■ ABOUT THIS TASK ■
All the data should be repeated exactly. Any image in it is left out.

■ THE DATA ■
______
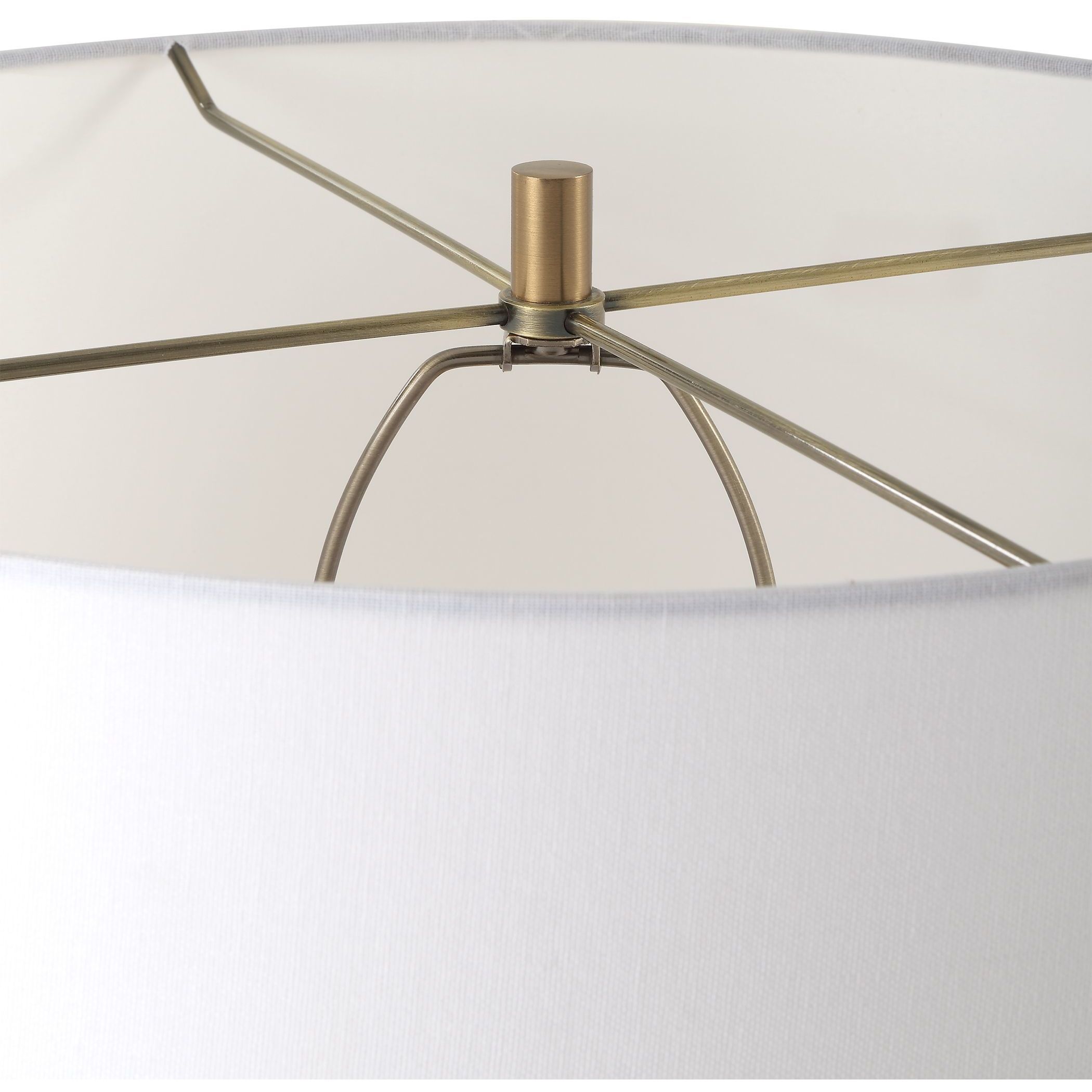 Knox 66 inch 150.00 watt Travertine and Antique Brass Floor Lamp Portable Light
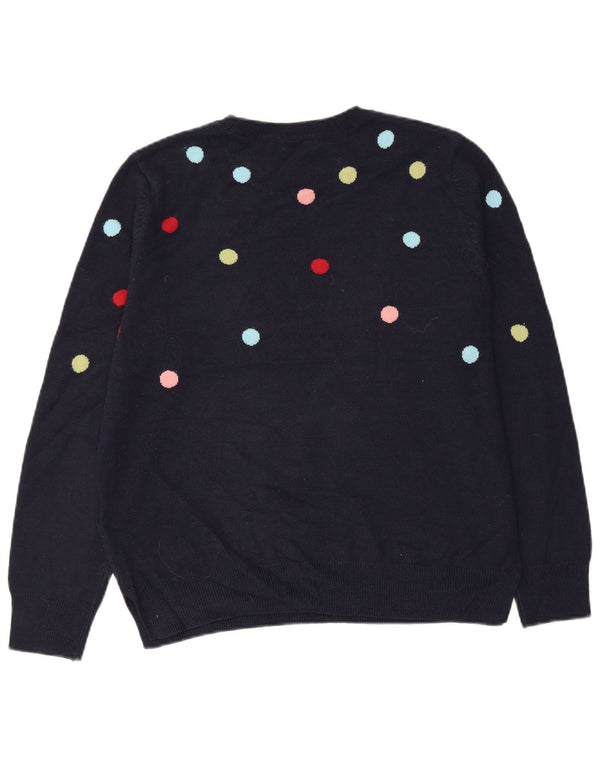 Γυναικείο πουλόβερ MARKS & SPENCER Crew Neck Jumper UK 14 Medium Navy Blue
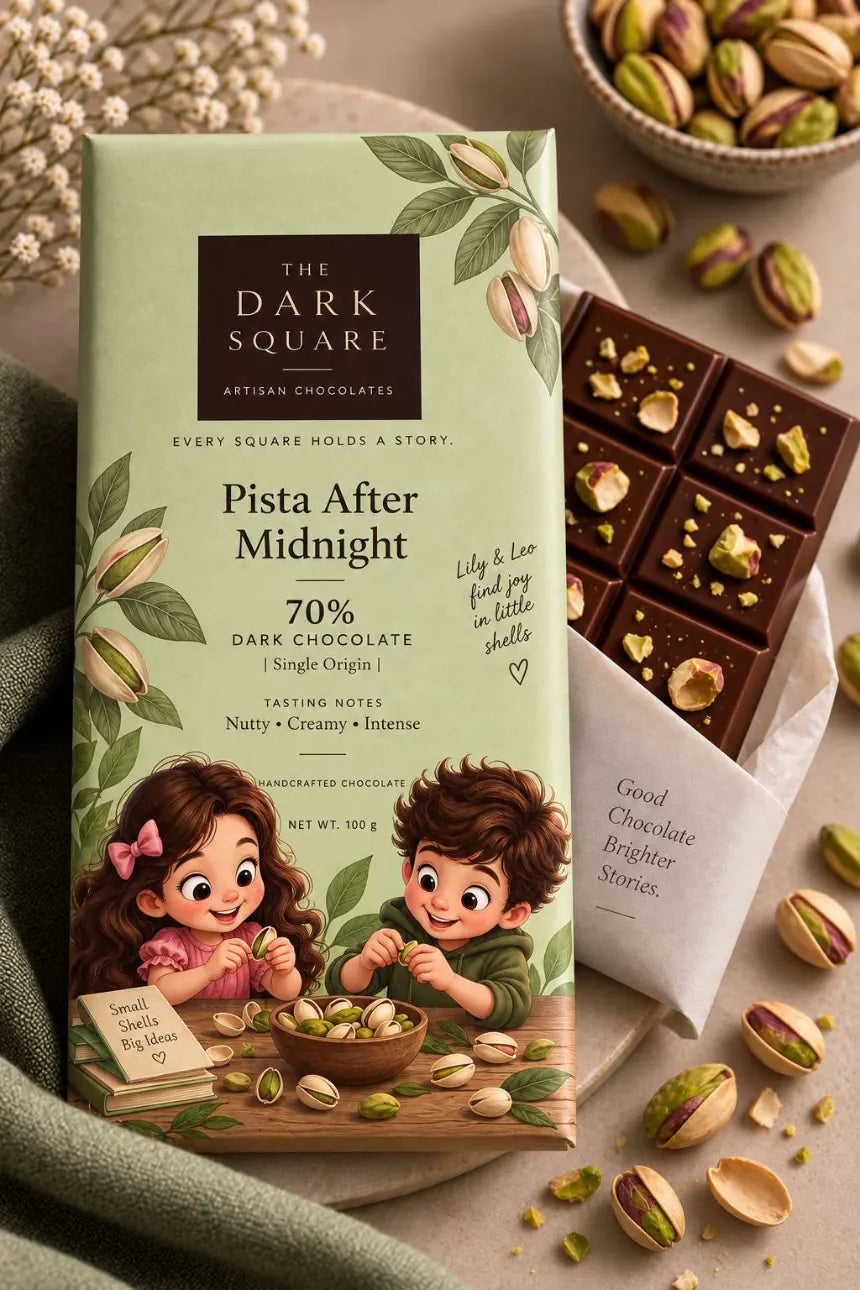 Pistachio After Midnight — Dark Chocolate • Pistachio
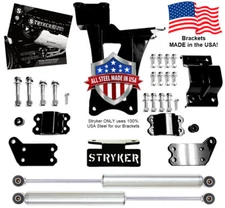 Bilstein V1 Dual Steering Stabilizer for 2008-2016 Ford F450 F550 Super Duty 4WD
______
■ COMPLETED TASK ■
 Knox 66 inch 150.00 watt Travertine and Antique Brass Floor Lamp Portable Light
 Γυναικείο πουλόβερ MARKS & SPENCER Crew Neck Jumper UK 14 Medium Navy Blue
 Pistachio After Midnight — Dark Chocolate • Pistachio
 Bilstein V1 Dual Steering Stabilizer for 2008-2016 Ford F450 F550 Super Duty 4WD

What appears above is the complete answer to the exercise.